Reputation: 3280
I have a body of text stored as a string. There are multiple substrings that i want to replace with a substring of that substring. This is a typical substring that i want to replace (note there are multiple substrings i want to replace).
$String = "loads of text [[gibberish text|Text i Want]] more text [[gibberish text|Text i Want]] more text [[if no separator then just remove tags]]";
$String = deleteStringBetweenStrings("[[", "|", $String , true);
deleteStringBetweenStrings is a recursive function that will delete all code between the 2 substrings (including the substrings) this will do what i want for the first substring but goes a bit crazy after this.
function deleteStringBetweenStrings($beginning, $end, $string, $recursive)
{
$beginningPos = strpos($string, $beginning);
$endPos = strpos($string, $end);
if ($beginningPos === false || $endPos === false)
{
return $string;
}
$textToDelete = substr($string, $beginningPos, ($endPos + strlen($end)) - $beginningPos);
$string = str_replace($textToDelete, '', $string);
if (strpos($string, $beginning) && strpos($string, $end) && $recursive == true)
{
$string = deleteStringBetweenStrings($beginning, $end, $string, $recursive);
}
return $string;
}
Is there a more efficient way for me to do this?
Expected output = "loads of text Text i Want more text Text i Want more text if no separator then just remove tags"
Upvotes: 1
Views: 272
Reputation: 174706
Regex and regex only....
Just use the below regex to match the text which you don't want and then replace it with an empty string.
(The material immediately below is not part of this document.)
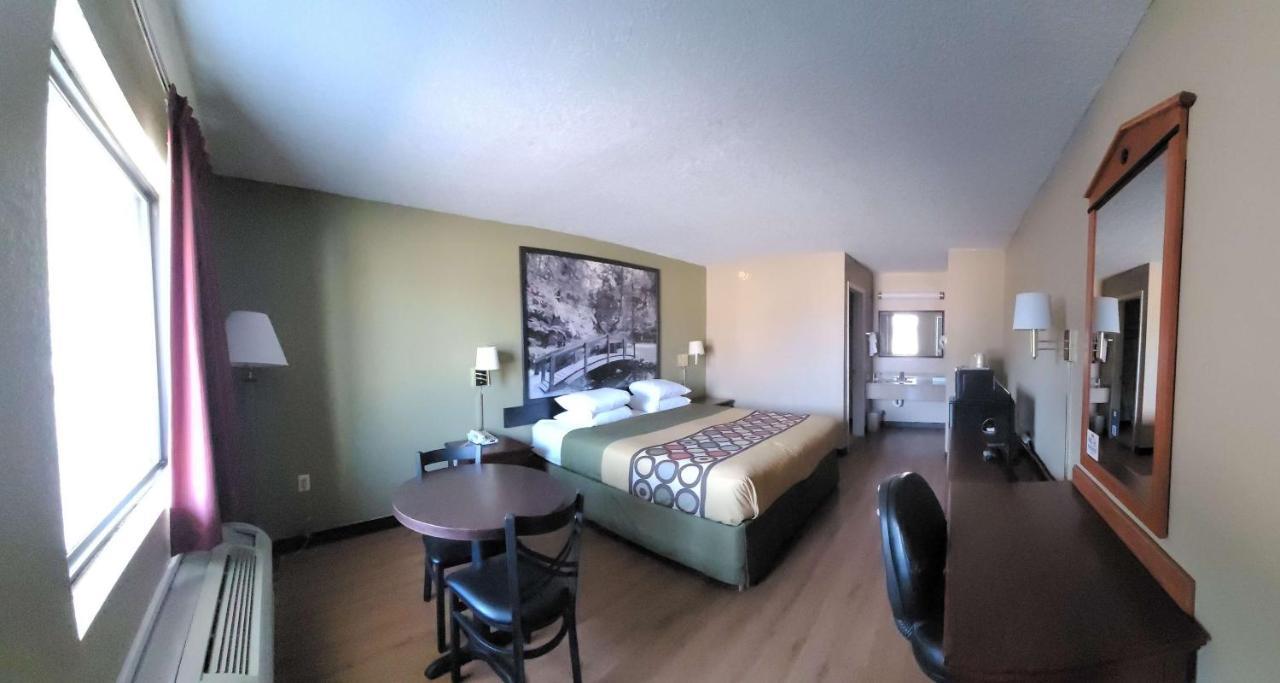 Super 8 By Wyndham Arkadelphia Caddo Valley Area Exterior photo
(?<=\[\[)(?:(?!\]]|\|).)*\||\[\[|\]\]
Code:
<?php
$str = "loads of text [[gibberish text|Text i Want]] more text [[gibberish text|Text i Want]] more text [[if no separator then just remove tags]]";
echo preg_replace("/(?<=\[\[)(?:(?!\]]|\|).)*\||\[\[|\]\]/m", "", $str);
?>
Output:
loads of text Text i Want more text Text i Want more text if no separator then just remove tags
How i figure it out?
(?<=\[\[)
Looks after to [[
symbols.(?:(?!\]]|\|).)*
Match any character but not of ]]
or |
symbol zero or more times.\|
A literal |
symbol. This ensures that the match must contain a |
symbol before it reaches the closing parenthesis ]]
gibberish text|
only in this [[gibberish text|Text i Want]]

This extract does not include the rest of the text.